ACTIVITY
From first line to last, print the records exactly, but leave out the pictures.

INFORMATION GIVEN

+ + +

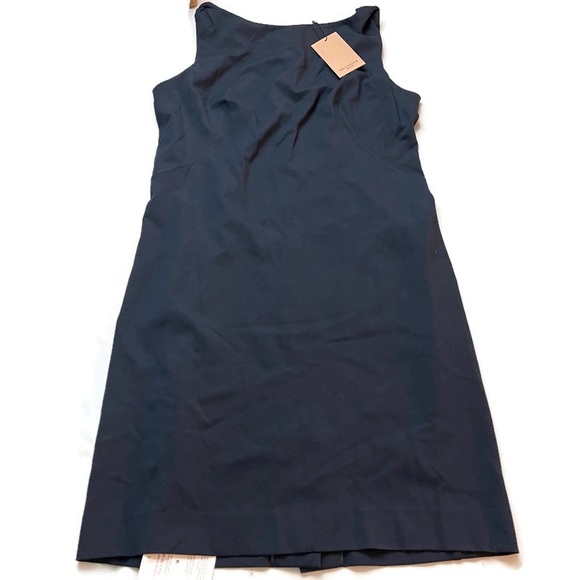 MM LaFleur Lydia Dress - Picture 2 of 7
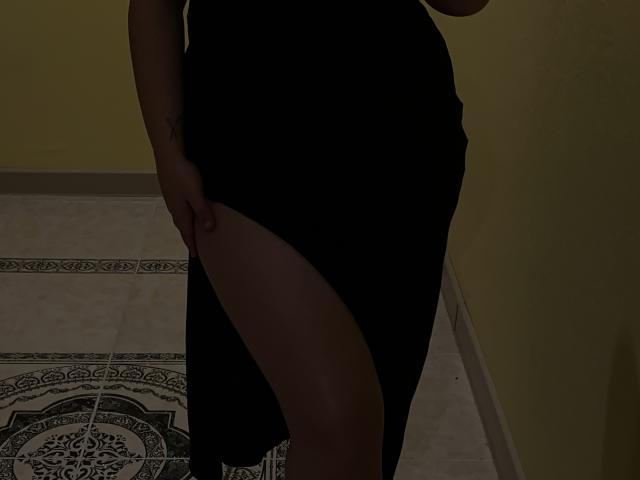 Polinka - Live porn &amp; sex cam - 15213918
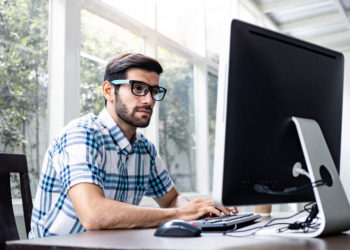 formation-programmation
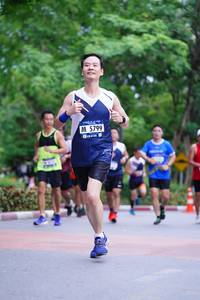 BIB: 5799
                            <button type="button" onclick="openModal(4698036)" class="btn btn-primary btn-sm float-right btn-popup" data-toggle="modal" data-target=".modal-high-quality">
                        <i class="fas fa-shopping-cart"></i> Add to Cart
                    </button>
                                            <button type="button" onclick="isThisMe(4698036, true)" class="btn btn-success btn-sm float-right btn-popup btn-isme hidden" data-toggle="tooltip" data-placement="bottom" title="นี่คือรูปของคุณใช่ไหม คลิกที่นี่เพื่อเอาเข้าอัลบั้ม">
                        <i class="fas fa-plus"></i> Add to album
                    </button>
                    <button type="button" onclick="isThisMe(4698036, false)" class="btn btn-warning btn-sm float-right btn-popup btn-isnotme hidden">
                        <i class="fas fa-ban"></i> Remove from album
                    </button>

+ + +

SOLUTION FOR THIS PROBLEM
 MM LaFleur Lydia Dress - Picture 2 of 7
 Polinka - Live porn &amp; sex cam - 15213918
 formation-programmation
 BIB: 5799
                            <button type="button" onclick="openModal(4698036)" class="btn btn-primary btn-sm float-right btn-popup" data-toggle="modal" data-target=".modal-high-quality">
                        <i class="fas fa-shopping-cart"></i> Add to Cart
                    </button>
                                            <button type="button" onclick="isThisMe(4698036, true)" class="btn btn-success btn-sm float-right btn-popup btn-isme hidden" data-toggle="tooltip" data-placement="bottom" title="นี่คือรูปของคุณใช่ไหม คลิกที่นี่เพื่อเอาเข้าอัลบั้ม">
                        <i class="fas fa-plus"></i> Add to album
                    </button>
                    <button type="button" onclick="isThisMe(4698036, false)" class="btn btn-warning btn-sm float-right btn-popup btn-isnotme hidden">
                        <i class="fas fa-ban"></i> Remove from album
                    </button>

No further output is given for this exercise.